Forecasting commodity prices is nearly impossible, but, if you believe that the long-term price of oil >=$50, continued growth of oil demand and the continual improvement in processes for recovering hydrocarbons, then VNOM should handily reward investors willing to tolerate its temporarily leveraged balance sheet and poorly timed hedge book.
VNOM’s value is dependent on oil prices, but we believe the current valuation does not adequately value the embedded call option associated with minerals ownership. We believe a good indicator of VNOM’s value is the gross book value of its PP&E less cumulative impairments which currently rests at ~$14 per share. With a $50/$2.75 price deck we believe VNOM could distribute >$1.50 (fully taxed) per share, and this is without any production growth.
Minerals – the Ultimate Passive Business
Mineral ownership is the gift that keeps on giving. For an example, let’s look at Sabine Royalty Trust (SBR). SBR was created at the end of 1982. We went back to 1991 to collect the reserve and production data below (as far back as possible using EDGAR). The mineral interest has not changed since 1995 (the earliest dated annual report on EDGAR) and likely not since inception (but we do not have the original report in hand).
You will note two takeaways from the SBR charts below. 1) Reserves are flat over a ~30 year period 2) the volatility in the trust’s cash flows are driven by commodity prices as reflected in the left side of the second chart in the change in cash flows attributable to the change in price.
Based off the reserve report, the estimated undiscounted cash flows as of 12/31/1993 were calculated to be $140 million. Revenue from FY 1994 to FY 2019 was $1.1 billion and at the end of FY 2019 estimated undiscounted cash flows were $322 million.

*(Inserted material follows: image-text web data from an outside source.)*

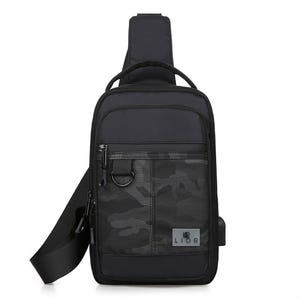 Black crossbody pack with a USB port, features front zipper pockets, camouflage pattern, and adjustable strap.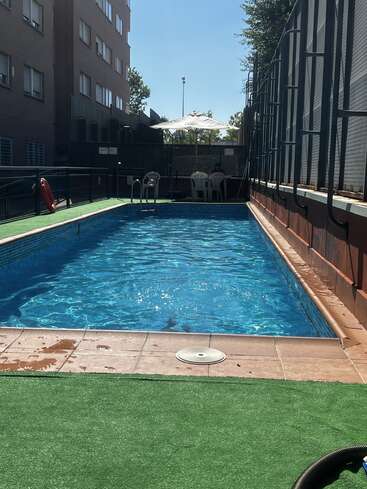 A rectangular swimming pool with clear blue water is surrounded by green artificial grass. There are plastic chairs, a lifebuoy, and a sun umbrella nearby.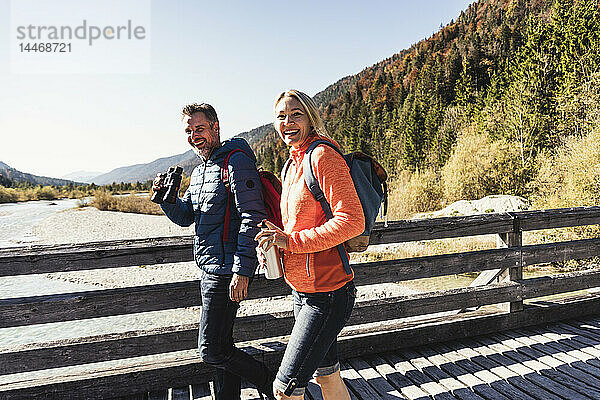 Österreich  Alpen  glückliches Paar auf einer Wanderung über eine Brücke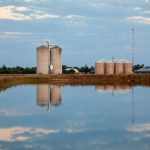 Grain silos reflecting on a still rural waterway under a bright sky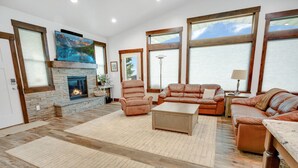 Amplia sala de estar con chimenea de piedra, sofás de cuero y ventanas grandes con vistas al exterior.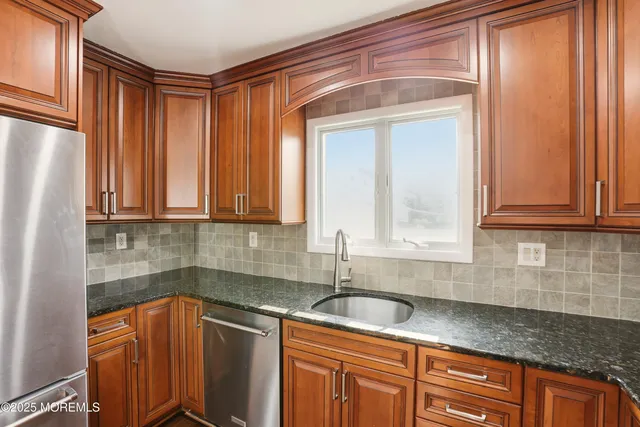 a kitchen with stainless steel appliances granite countertop a sink and a cabinets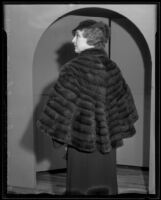 Woman models fur cape at the Times' fashion show, Los Angeles, 1935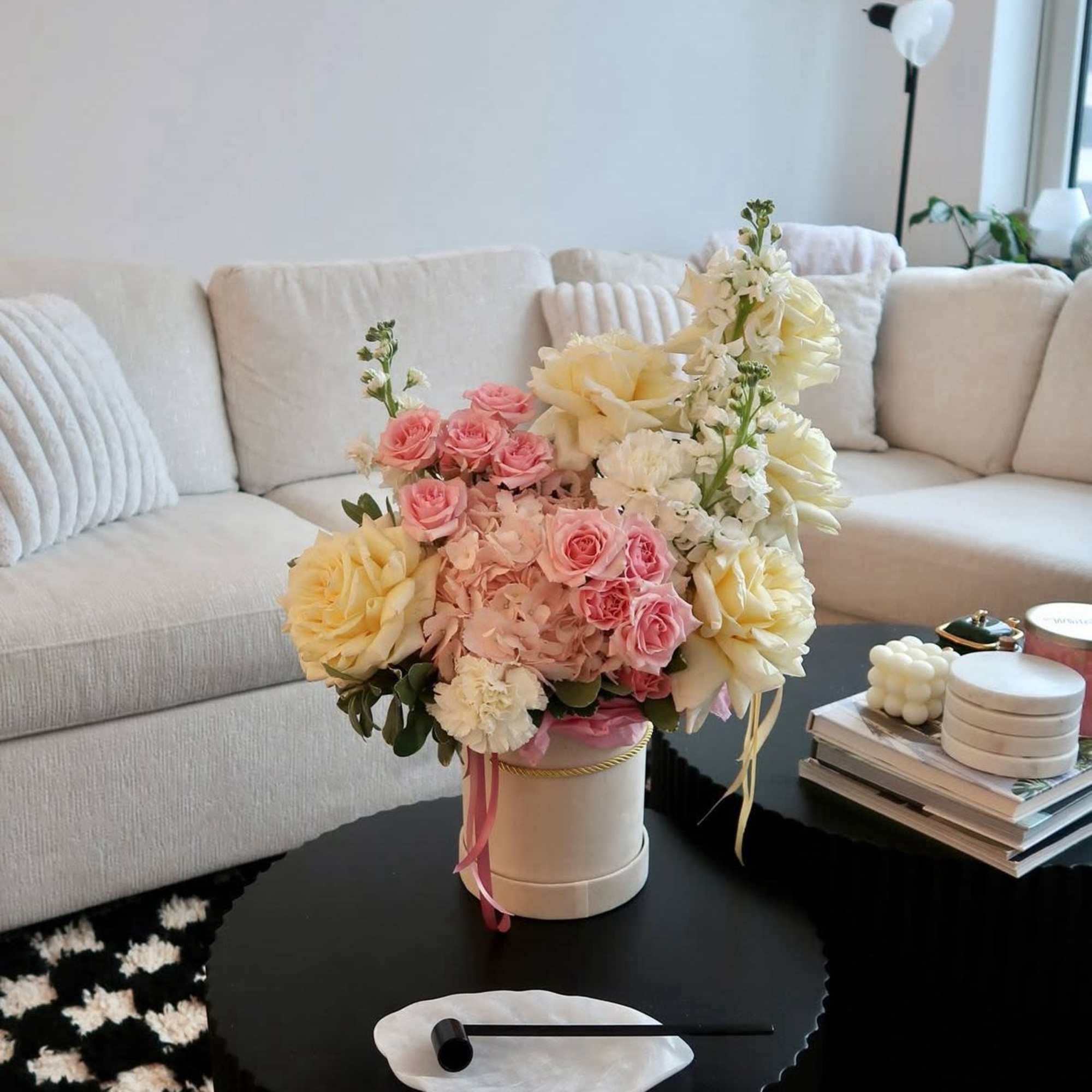A soft, romantic arrangement in dreamy shades of blush pink and buttery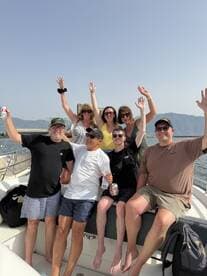 A lively group of friends celebrates on a boat, raising their hands in joy — perfect for memorable outings and fun on the water.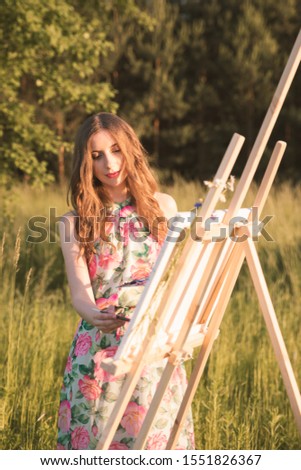 Young beautiful girl with long natural hair draws a picture while with an easel in nature. Girl enjoy solitude with nature.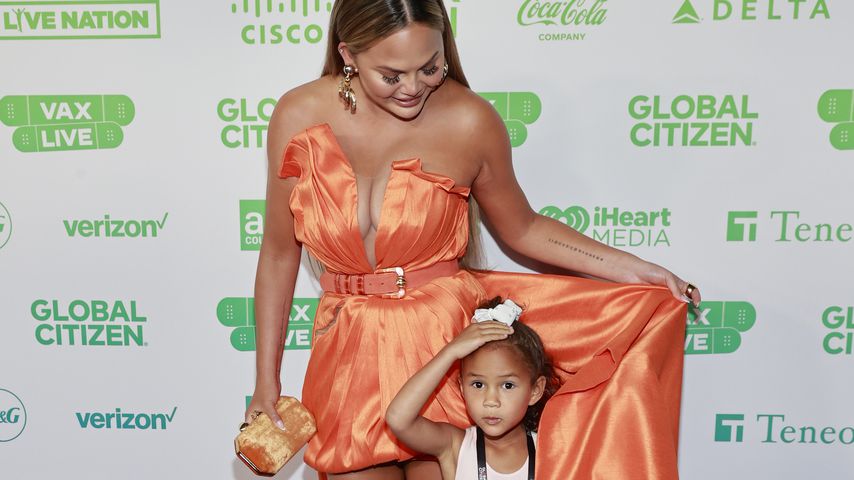 Unterm Kleid versteckt: Chrissy Teigen mit Luna auf Event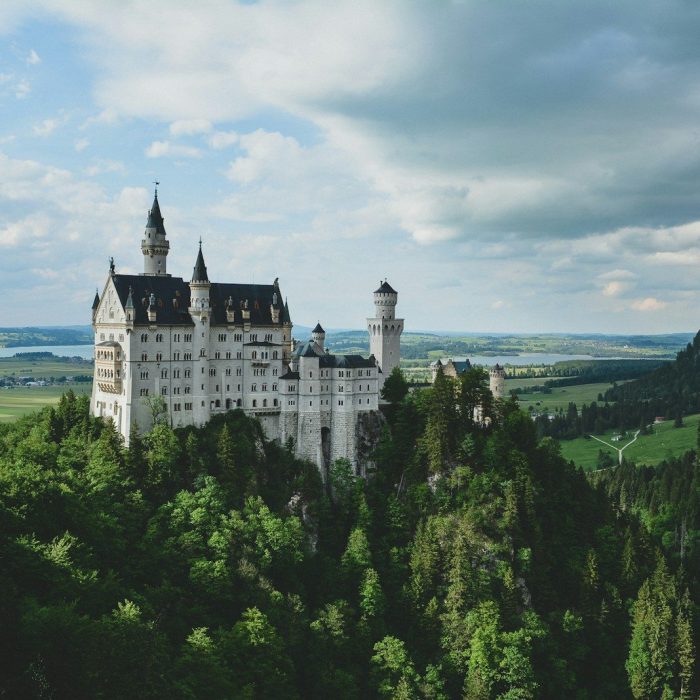 white concrete castle in green field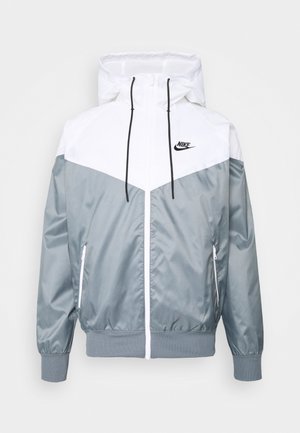 Biała i szara kurtka przeciwdeszczowa Nike z kapturem, czarnymi sznurkami, zamkiem błyskawicznym z przodu, zamykanymi kieszeniami bocznymi i logo Nike na piersi.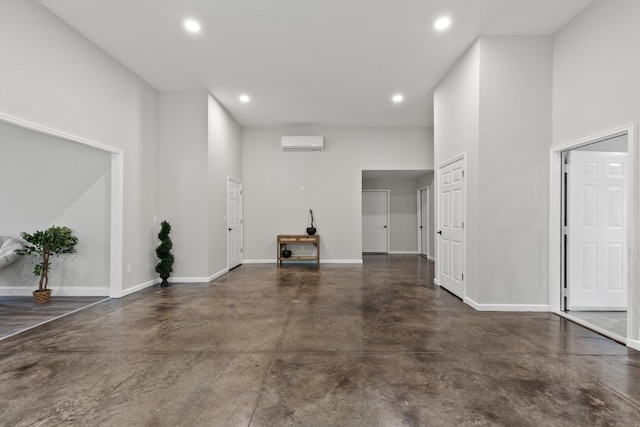 176 S Palmers Chapel Rd, White House, TN 37188 - unfurnished living room featuring finished concrete floors, recessed lighting, baseboards, and a wall mounted AC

Total SG&A burden since FY 1991 is $54.4 million or 4.5% of total revenue ($1.2 billion) over the same period.
The mineral business is one of the best businesses in the world -- a mailbox business. You only need to show up to the mailbox once a month, grab a check, cash it and then go home.
Active Management of Royalties
We are not arguing a manager cannot add value to a portfolio of minerals but rather the hurdle to add value is very high and most of the time requires sitting on your hands.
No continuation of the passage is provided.